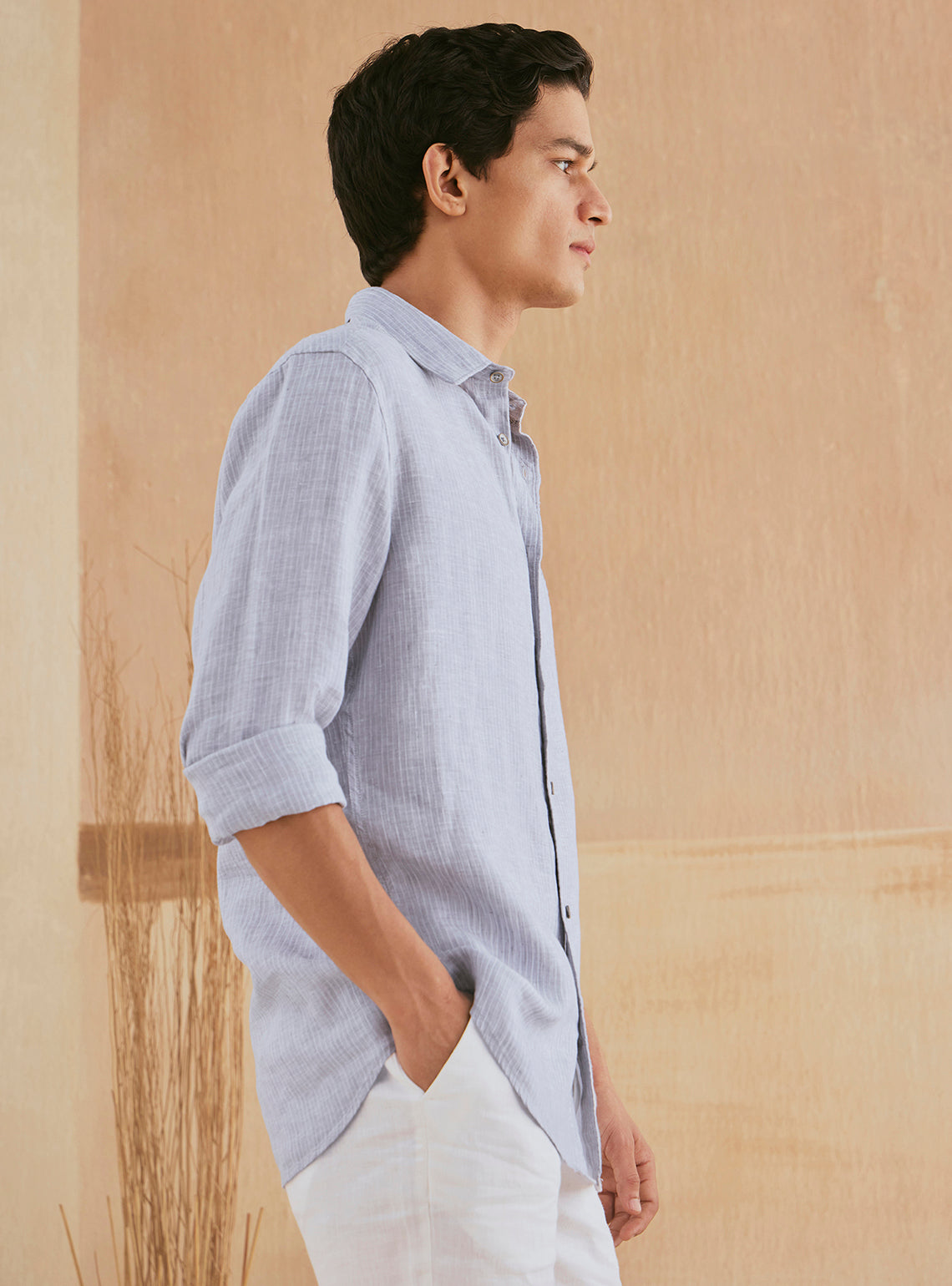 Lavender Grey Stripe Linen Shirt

+++++

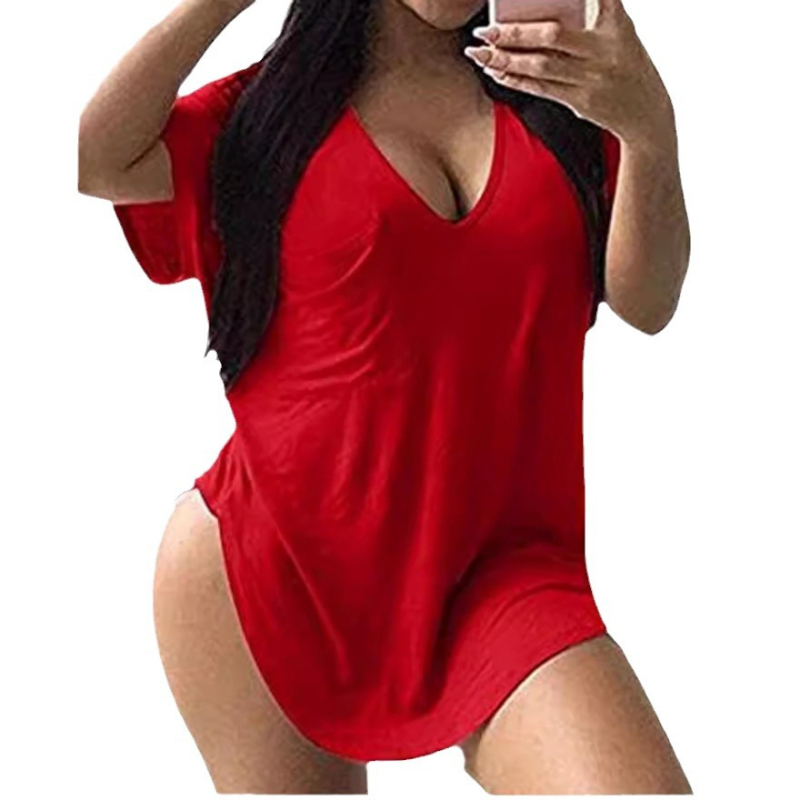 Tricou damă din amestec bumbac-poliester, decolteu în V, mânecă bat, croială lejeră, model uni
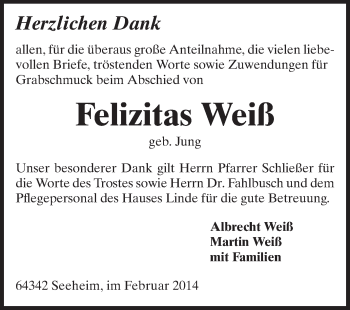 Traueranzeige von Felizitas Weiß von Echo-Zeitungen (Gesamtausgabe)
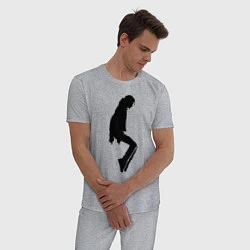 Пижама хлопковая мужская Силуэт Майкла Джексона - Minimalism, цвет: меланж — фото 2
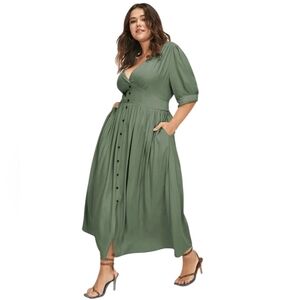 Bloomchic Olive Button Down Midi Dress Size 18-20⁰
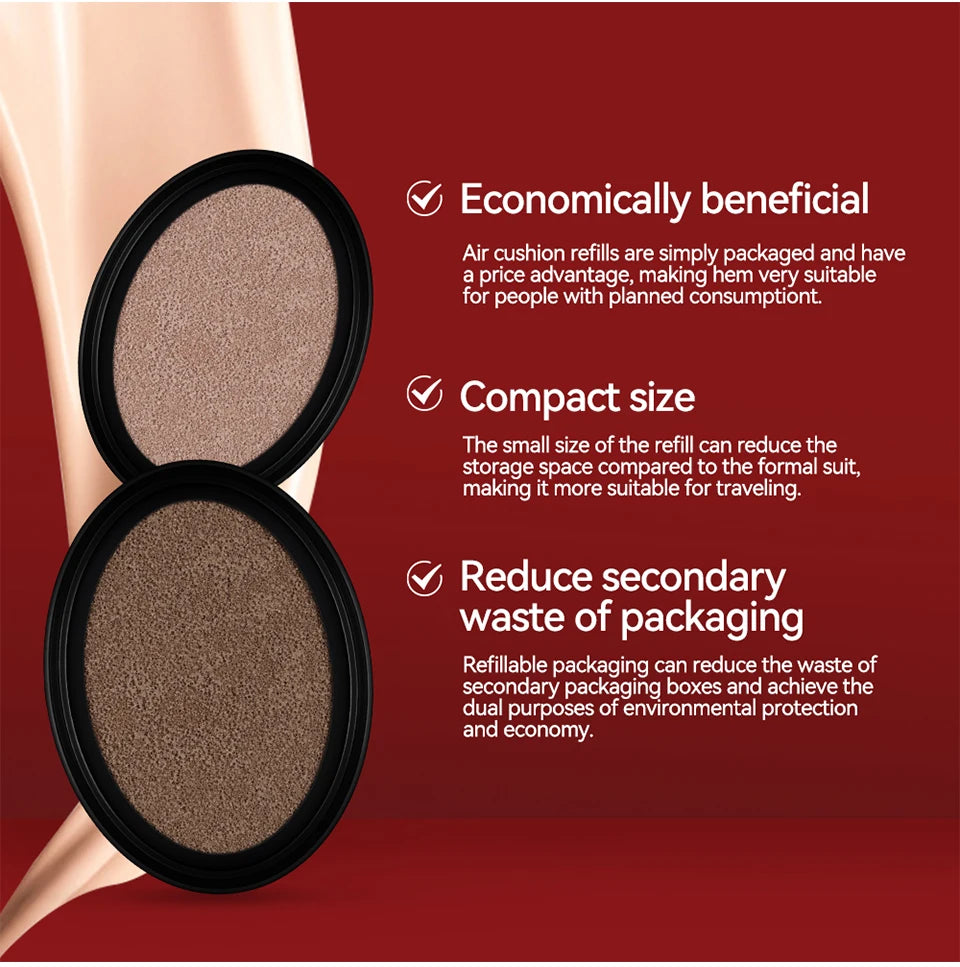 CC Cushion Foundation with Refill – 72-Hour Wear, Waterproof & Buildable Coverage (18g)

+++++

[Exercise] Repeat, word for word, the lines of the material above from the one holding "Tricou damă din" through the one holding "CC Cushion Foundation". Leave out pictures.

[Result]
 Tricou damă din amestec bumbac-poliester, decolteu în V, mânecă bat, croială lejeră, model uni
 Traueranzeige von Felizitas Weiß von Echo-Zeitungen (Gesamtausgabe)
 Пижама хлопковая мужская Силуэт Майкла Джексона - Minimalism, цвет: меланж — фото 2
 Bloomchic Olive Button Down Midi Dress Size 18-20⁰
 CC Cushion Foundation with Refill – 72-Hour Wear, Waterproof & Buildable Coverage (18g)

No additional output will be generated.